# ***By Kyle Weldon*** 

In [39]:
import os
# Supress TensorFlow messages
os.environ['TF_ENABLE_ONEDNN_OPTS'] = '0'
os.environ['TF_CPP_MIN_LOG_LEVEL'] = '2'
import numpy as np
import pandas as pd

import tensorflow as tf
from tensorflow.keras.layers import Input,Dense, Concatenate, Reshape
from tensorflow.keras.models import Model
from tensorflow.keras import layers
from tensorflow.keras.utils import to_categorical

from sklearn.cluster import KMeans

import shap

import matplotlib.pyplot as plt

### **Versions used:**
* numpy==1.26.4
* pandas==2.2.2
* scikit-learn==1.4.2
* tensorflow==2.16.1
* shap==0.46.0
* matplotlib==3.9.0

### **Filtering raw data given:** 

The data that was given had incomplete data in a '.xlsx' file. The code below is what was used to remove all of the uncomplete samples and save the result as a '.csv' file.

In [23]:
def filter_data(excel_file, output_csv):
    try:
        df = pd.read_excel(excel_file)
    except FileNotFoundError:
        print(f"Error: The file '{excel_file}' was not found.")
        return
    except Exception as e:
        print(f"Error occurred while reading '{excel_file}': {str(e)}")
        return

    # Step 2: Filter rows based on completeness (non-empty cells)
    complete_rows = []
    for index, row in df.iterrows():
        if is_row_complete(row):
            complete_rows.append(row)

    cleaned_df = pd.DataFrame(complete_rows, columns=df.columns)
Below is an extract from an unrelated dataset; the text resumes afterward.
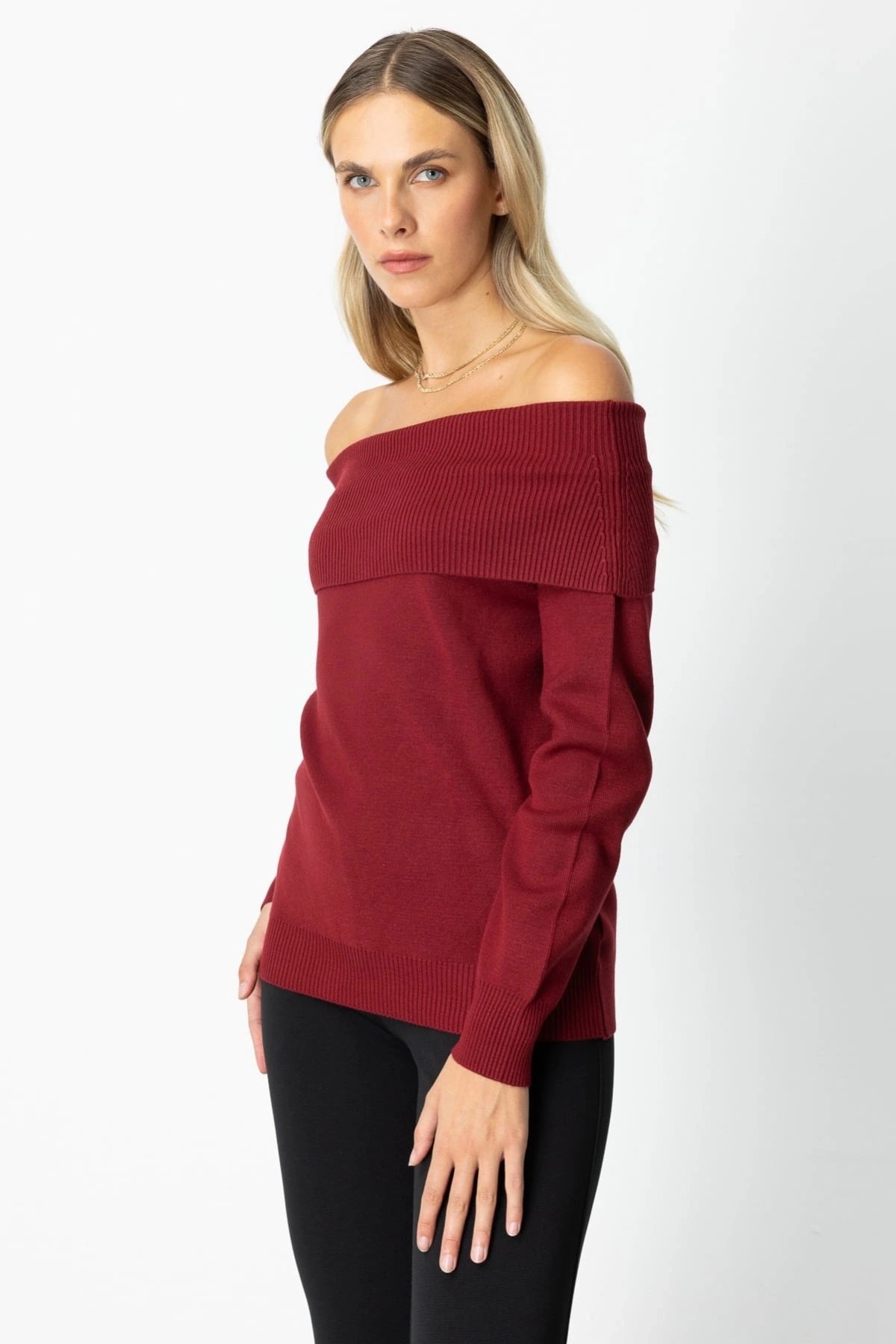 On Fashion Kadın Omzu Açık Bordo Kazak 65380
    # Step 3: Save the cleaned data to a CSV file
    try:
        cleaned_df.to_csv(output_csv, index=False)
        print(f"Cleaned data saved to '{output_csv}' successfully.")
        print(f"There are {len(cleaned_df)} samples in the cleaned data.")
    except Exception as e:
        print(f"Error occurred while saving to '{output_csv}': {str(e)}")
        return

def is_row_complete(row):
    for cell in row:
        # Check if cell is NaN or empty (after stripping whitespace)
        if pd.isna(cell) or str(cell).strip() == '':
            return False
    return True

filter_data('Data/RawData.xlsx', 'Data/FilteredData.csv')

Cleaned data saved to 'Data/FilteredData.csv' successfully.
There are 881 samples in the cleaned data.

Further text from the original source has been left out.